OT- Malverne bagel store

A couple years ago while driving home from work I noticed
a new bagel store in a nearby town - "Babushka Bagels".

Visible from the main road through the plate glass door was
a coin-op video game with a large, very authentic looking
Socialist Realism-style painting of someone who looked a
lot like Lenin in a typically heroic pose. When I stopped in
I noticed a large caption at the bottom attesting to the
benefits to society of the store's bagels. Very kitschy!

The place had lots of Russian and Soviet decorations.
I thought, how cool for a place in my typical suburban
Long Island neighborhood! Too cool, maybe - read on.

Just weeks later I stopped in again and the mural had
been painted over with flat black paint - no more Lenin.
The teenagers who worked there looked at me like
I had two heads when I asked about the painting.
What painting? I don't know anyone named Lenin...

Within months the Russian motif was gone completely
and the place had new owners. I never found out for
sure, but I can't help but wonder if all the above was
caused by reaction from the Malverne "town fathers".
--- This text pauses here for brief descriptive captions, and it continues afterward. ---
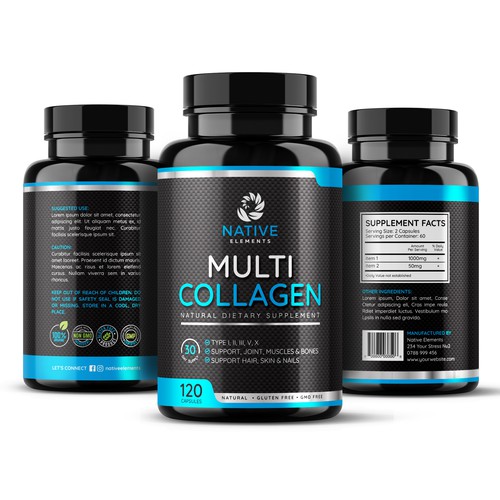 Bottle label with the title 'Multi Collagen Label Design'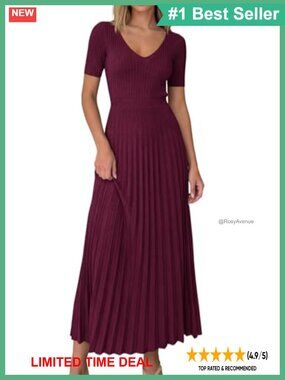 Women's Summer Midi Pleated Sweater Dress V-Neck Short Sleeve Knit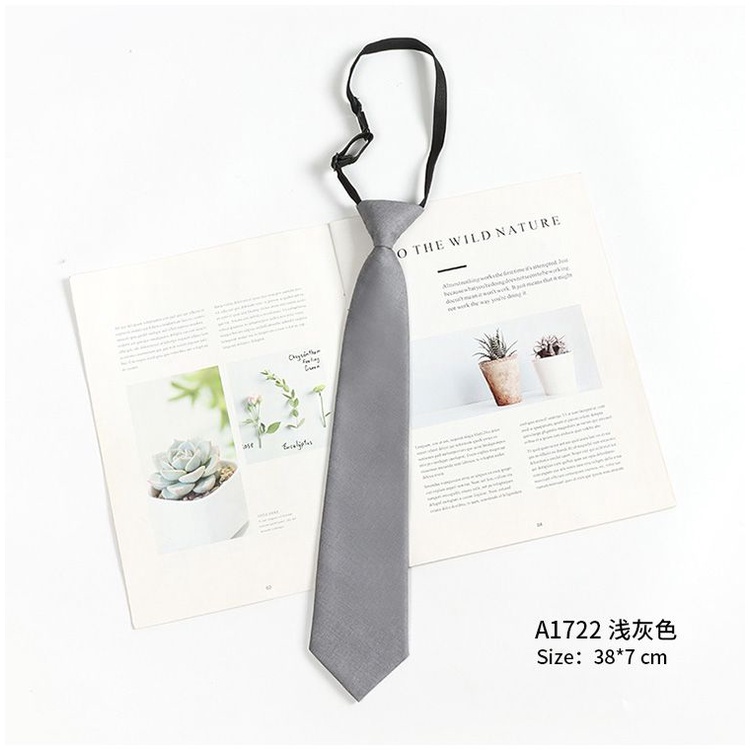 Cà Vạt Đồng Phục Bachelor Kẻ Sọc Caro Xám Phong Cách Retro Nhật Bản Cho Nam Nữ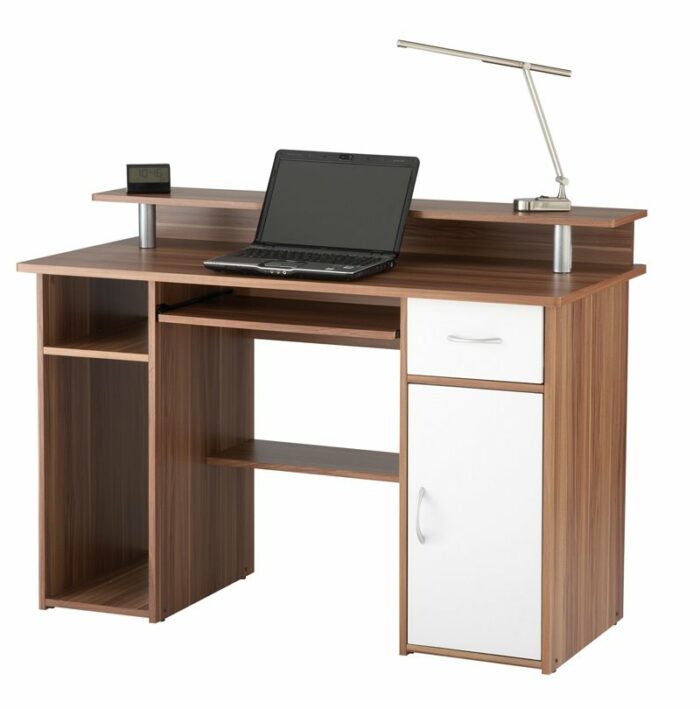 Alphason Albany Computer Desk with Storage - Walnut & White-20344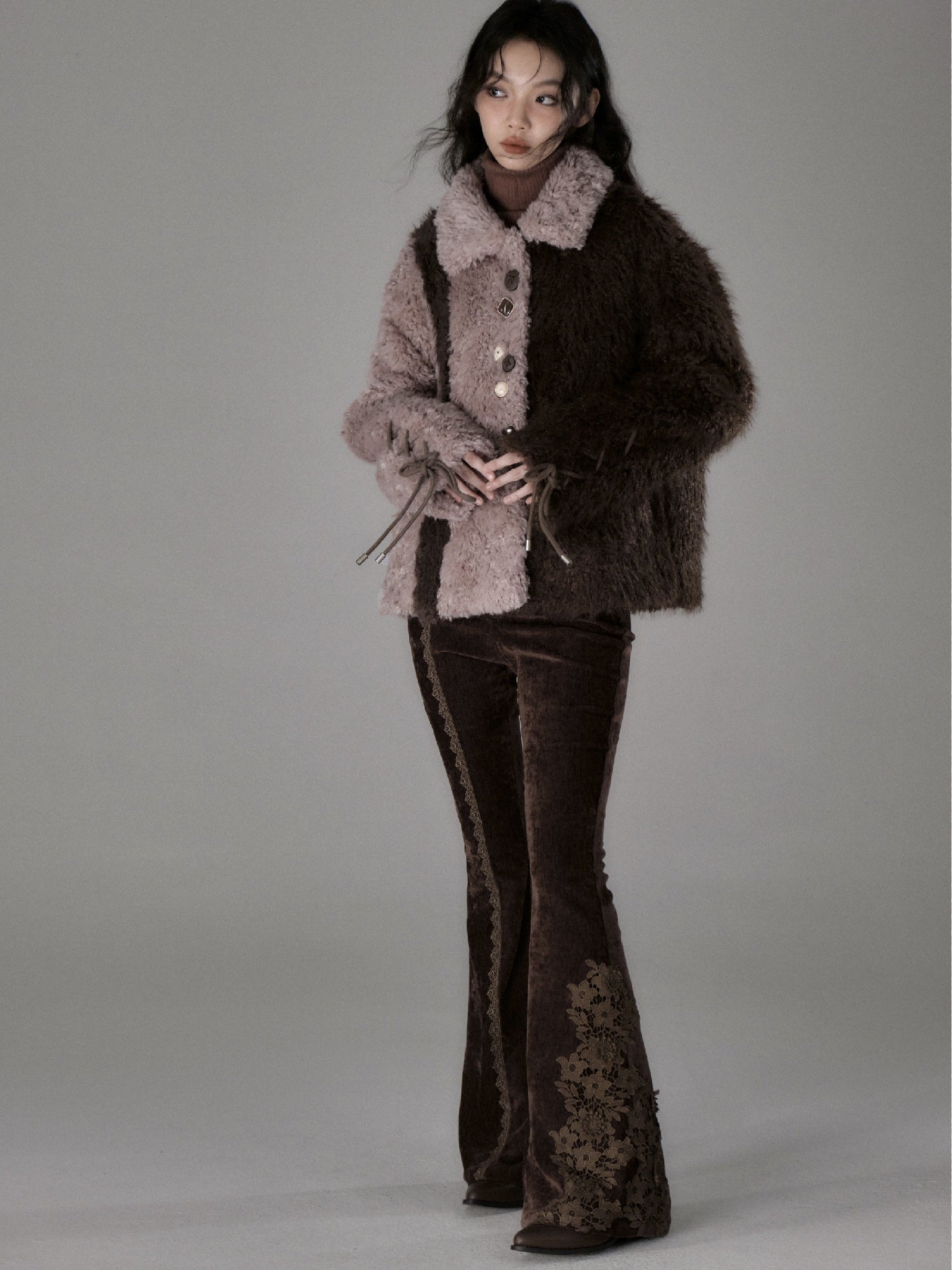 Lace Stitch Elastic Slim Velvet Bootcut Pants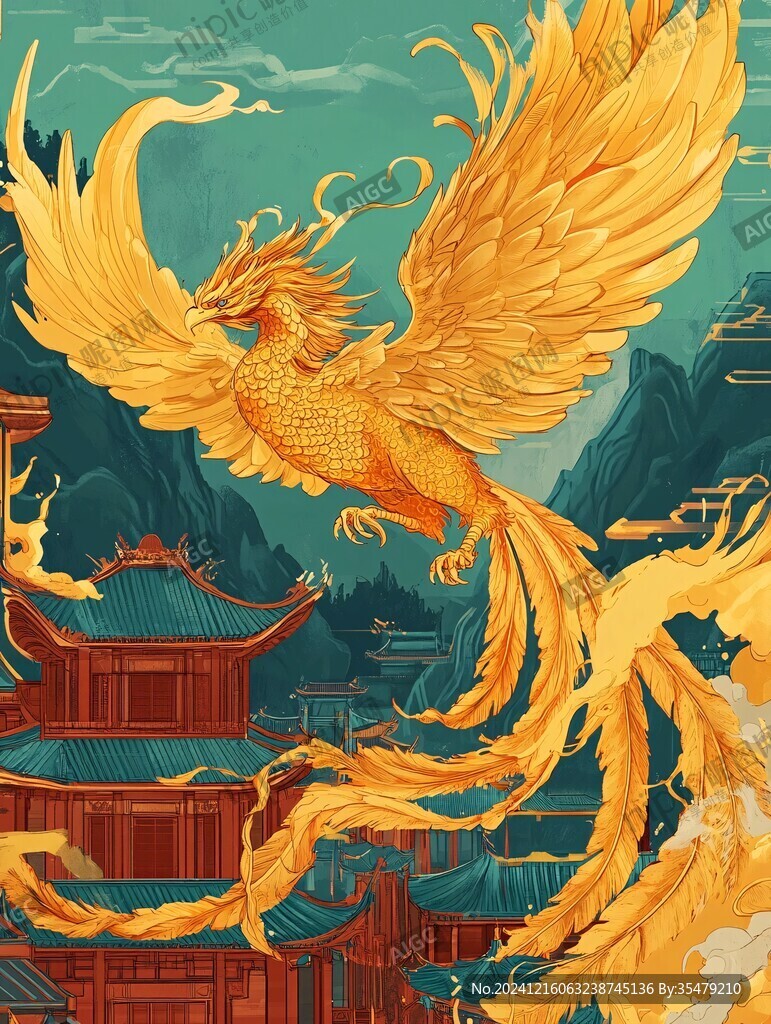 凤凰包装插画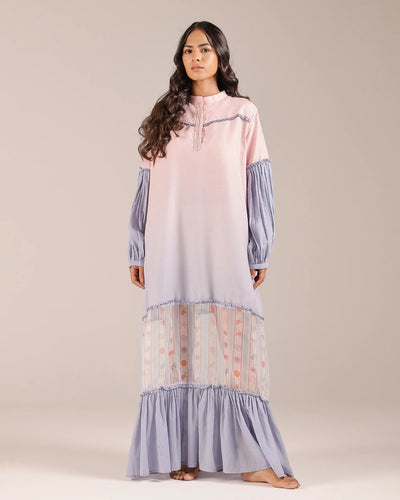 Palm Whisper Dress (Pink To Blue)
Lots of Americans are still fighting the Cold War...

-Chris-
 
Bagels and Stalin/Lenin are a strange mixture. Stalin and other soviet leaders were responsible for commiting many Russian Jews to exile in Siberia to endure a life of hardship.

Then there was the deliberate elimenation of the Bolsheviks and the assasination of Trotsky. Let's not forget the execution and exile of Thousands of Armenians.

He was not a warm and cudly guy. He's right up there with Hitler and Idi Amin on the despot scale. He wasn't a Socialist. He was in many ways a Fascist totalitarian.

So, I can easily see how the shop changed it's decor. It is possible that many in that community are descended from people who were not only oppressed by Hitler, Mussolini and Franco, but by Stalin as well.

I am interested in Russian Soviet and Sino Soviet "art." However, I no longer feel that it's as cool or progressive as I had believed as a teenager. There is just too much pain and suffering behind it.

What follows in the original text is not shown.